:: EXERCISE DETAILS ::
Reproduce exactly, leaving out pictures, each line from the one holding "Ginkgo Leaves Watercolor Set" through the final line of the listing, and add nothing.

:: SOURCE MATERIAL ::
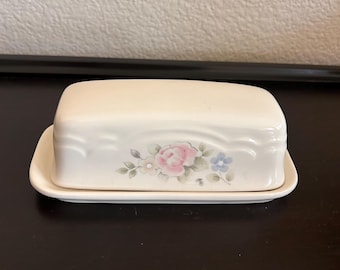 Vintage 1980s Pfaltzgraff Tea Rose Ceramic Covered Butter dish Stoneware USA Cottagecore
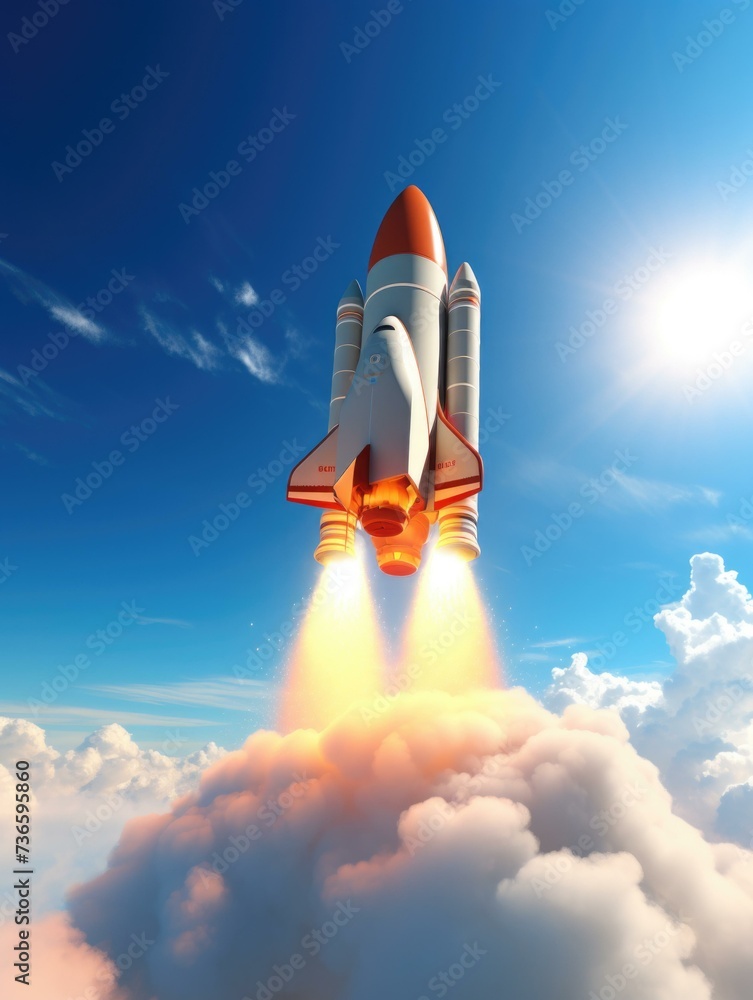 Poster a rocket is flying through the clouds. generative ai.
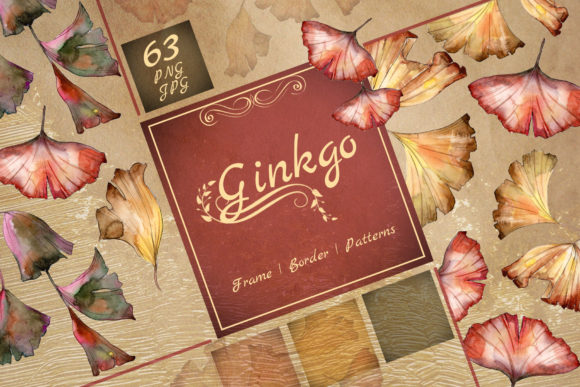 Ginkgo Leaves Watercolor Set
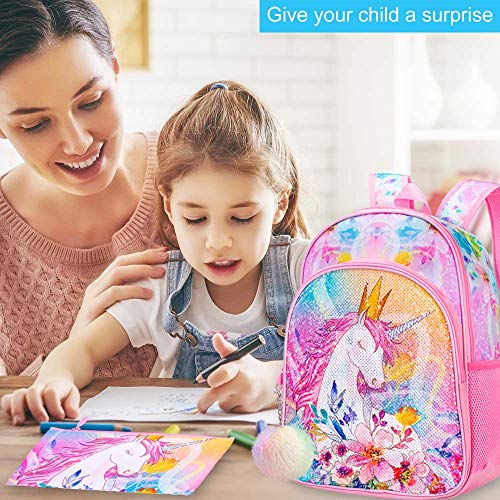 Ccjpx 3Pcs Unicorn Backpack For Girls, 16”Kids Preschool Sequin Bookbag And Lunch Box For Kindergarten Elementary #TOP5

:: SOLVED EXERCISE ::
 Ginkgo Leaves Watercolor Set
 Ccjpx 3Pcs Unicorn Backpack For Girls, 16”Kids Preschool Sequin Bookbag And Lunch Box For Kindergarten Elementary #TOP5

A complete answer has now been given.